Personal information
- Full name: Nolan Ewatt Clarke
- Born: 22 June 1948 (age 78) Saint Michael, Barbados
- Batting: Right-handed
- Bowling: Legbreak googly
- Role: Batsman

International information
- National side: Netherlands;
- ODI debut (cap 4): 17 February 1996 v New Zealand
- Last ODI: 5 March 1996 v South Africa

Career statistics
| Competition | ODI | FC | LA |
| Matches | 5 | 26 | 8 |
| Runs scored | 50 | 1,331 | 185 |
| Batting average | 10.00 | 31.69 | 23.12 |
| 100s/50s | 0/0 | 2/6 | 0/1 |
| Top score | 32 | 159 | 86 |
| Balls bowled | – | 60 | 54 |
| Wickets | – | 0 | 2 |
| Bowling average | – | – | 17.50 |
| 5 wickets in innings | – | – | 0 |
| 10 wickets in match | – | – | 0 |
| Best bowling | – | – | 2/35 |
| Catches/stumpings | 3/– | 27/– | 4/– |
- Source: ESPNcricinfo, 14 May 2017

= Nolan Clarke =

West Indian cricketer (born 1948)

Nolan Ewatt Clarke (born 22 June 1948) is a Barbados-born Dutch former cricketer. A big-hitting right-handed batsman, Clarke played five One Day Internationals for the Netherlands in the 1996 Cricket World Cup. At the age of 47, he was the oldest cricketer to play in the World Cup. He once topped the six hitting tally in the Hong Kong Sixes, a tournament that included Brian Lara.

==Education==
Clarke was educated at St Michael's parish, the same school that West Indian cricketers Vanburn Holder and David Murray went to.

==Domestic career==
He represented Barbados in first-class cricket from 1970 until 1978 and played 26 games for them in total. His highest first-class score of 159 was against Mike Denness's touring England side in 1973–74.

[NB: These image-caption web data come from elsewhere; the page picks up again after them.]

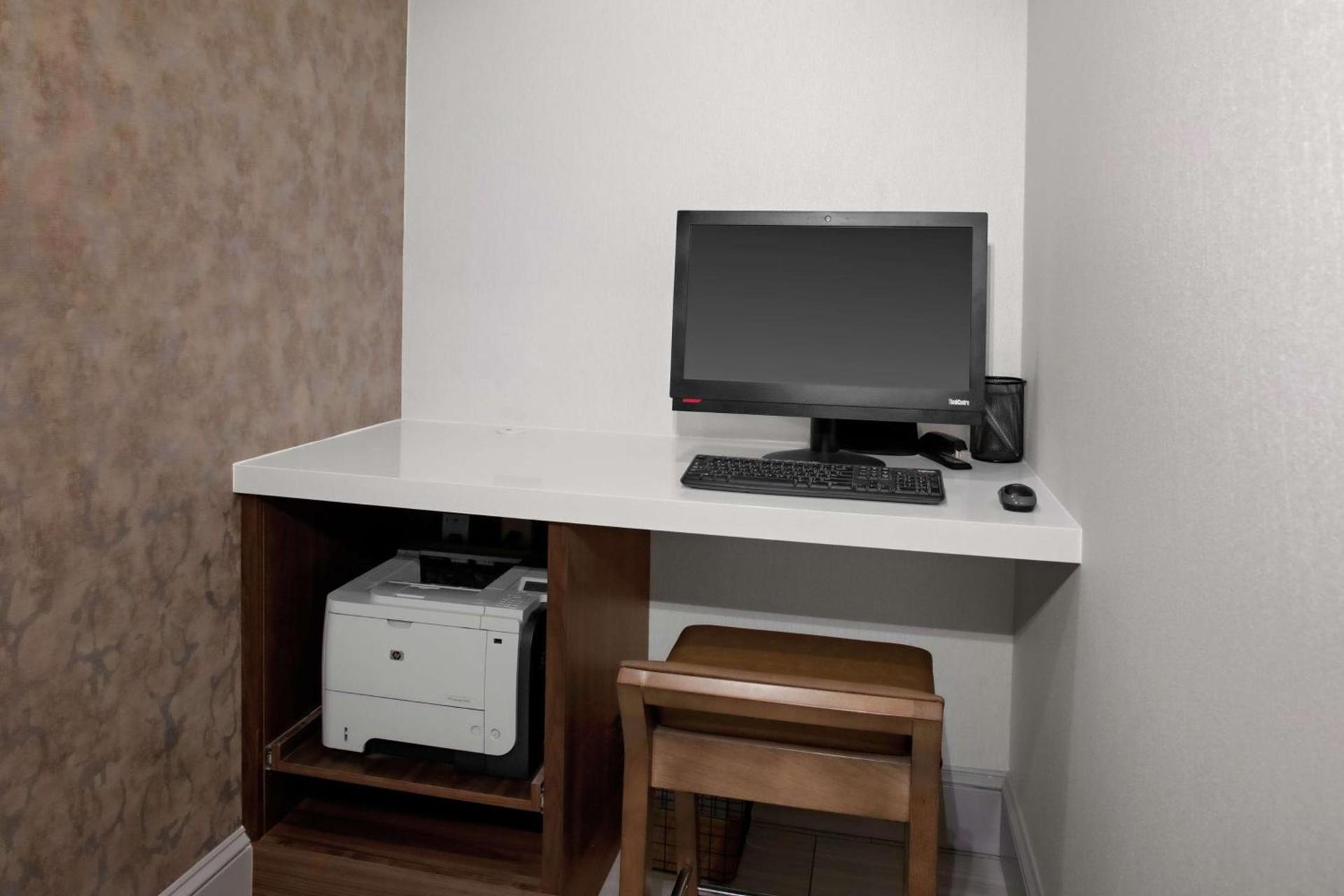 Hilton Garden Inn Atlanta Perimeter Center photo 35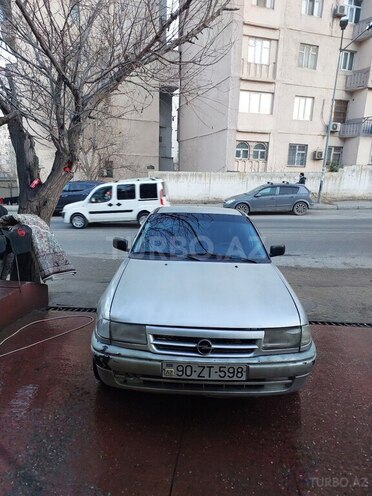 Opel Astra 1993, 425,000 km - 1.6 l - Bakı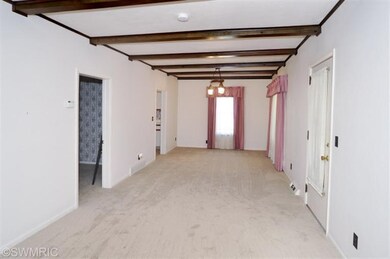 828 E Michigan Ave, Marshall, MI 49068 - photo 3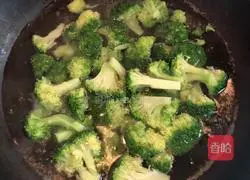 Illustration of how to stir-fry seafood broccoli 3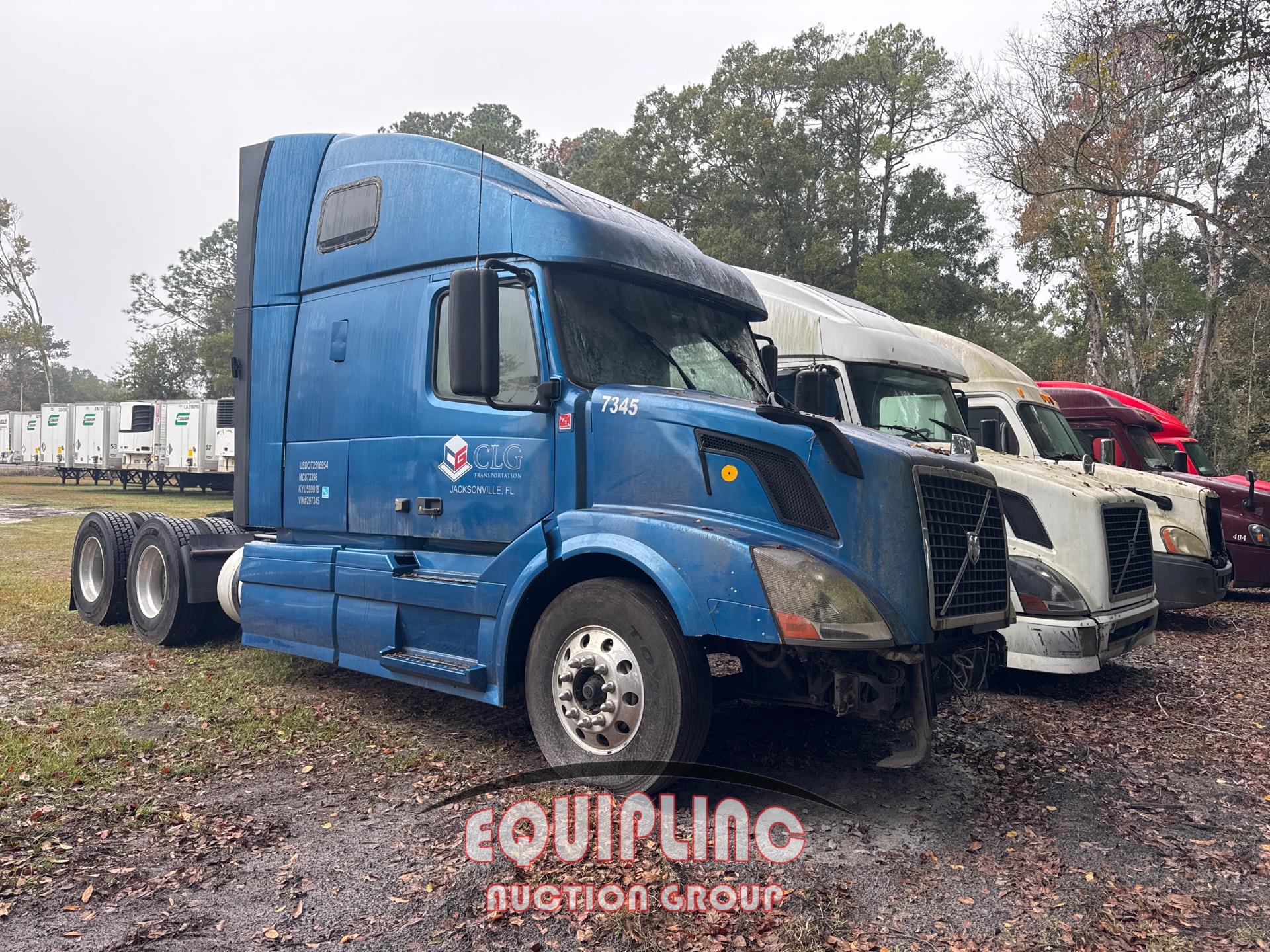 2011 VOLVO VNL760 SLEEPER (A59904)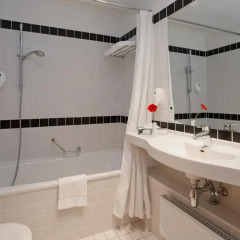 AZIMUT Hotel Munich 3* Стандартный номер с различными типами кроватей фото 8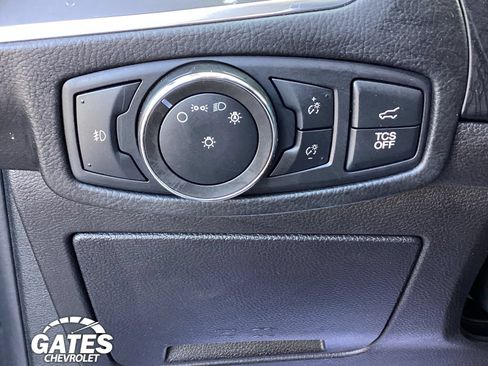 Used 2022 Ford Edge Titanium AWD/4WD image 26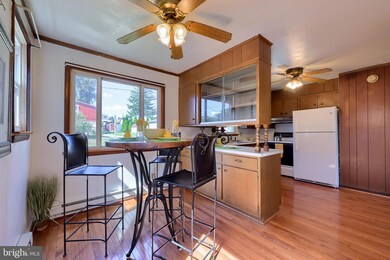 213 Wecaf Rd, New Holland, PA 17557 - photo 2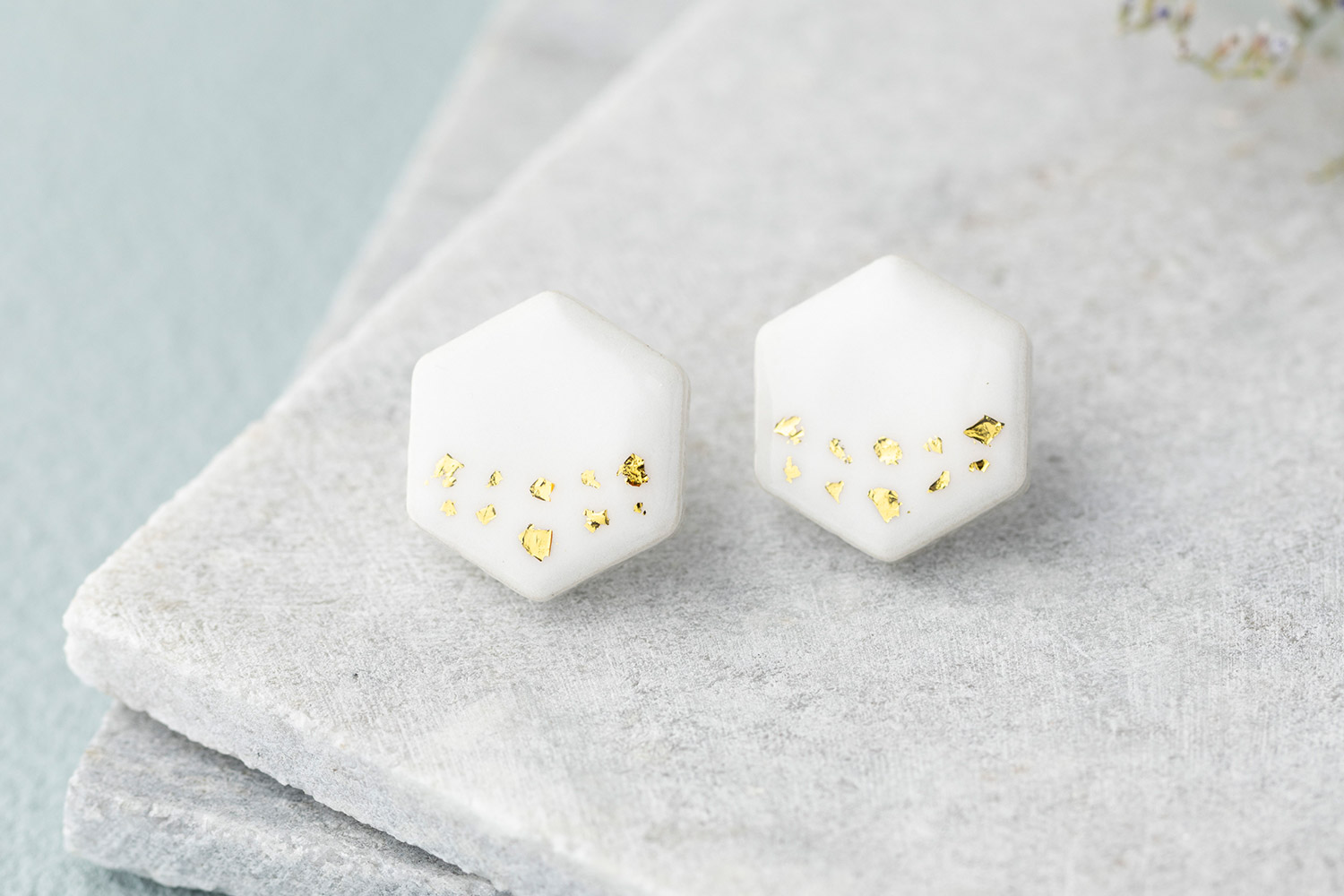 美濃焼 陶器 星屑 ピアス／イヤリング｜月白 ギフトボックス付き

He then began coaching in the Netherlands and played for Quick Haag before moving to Sparta 1888 in Rotterdam. His score of 265 not out for Quick against Bloemendaal in 1990 remains the highest score ever made in Dutch domestic cricket.

In 1995, he made 86 for the Netherlands in a NatWest Trophy game against Northamptonshire.

==International career==
When the Netherlands qualified for the 1996 World Cup, Clarke was heavily influential in getting them there, having made 121 not out against Bermuda in a crucial 1994 ICC Trophy play-off match.

Clarke played in all five of the Netherlands' World Cup matches as an opening batsman, though he scored only 50 runs at an average of 10. He did, however, achieve two records: in the first match he became, at the age of 47 years and 240 days, both the oldest One Day International debutant and player in history. He beat the previous record for oldest debutant, held by England's Norman Gifford, by almost three years, and the previous record for oldest player, held by Zimbabwe's John Traicos, by almost two years.

In 2005 Clarke returned to cricket at the age of 56 to play for VVV Amsterdam in the Hoofdklasse and after a gap of six years, he hit 782 runs. He also aired trenchant opinions on the state of cricket in the Netherlands.

Clarke has retired from playing, but remains active as a coach in the Dutch youth programme.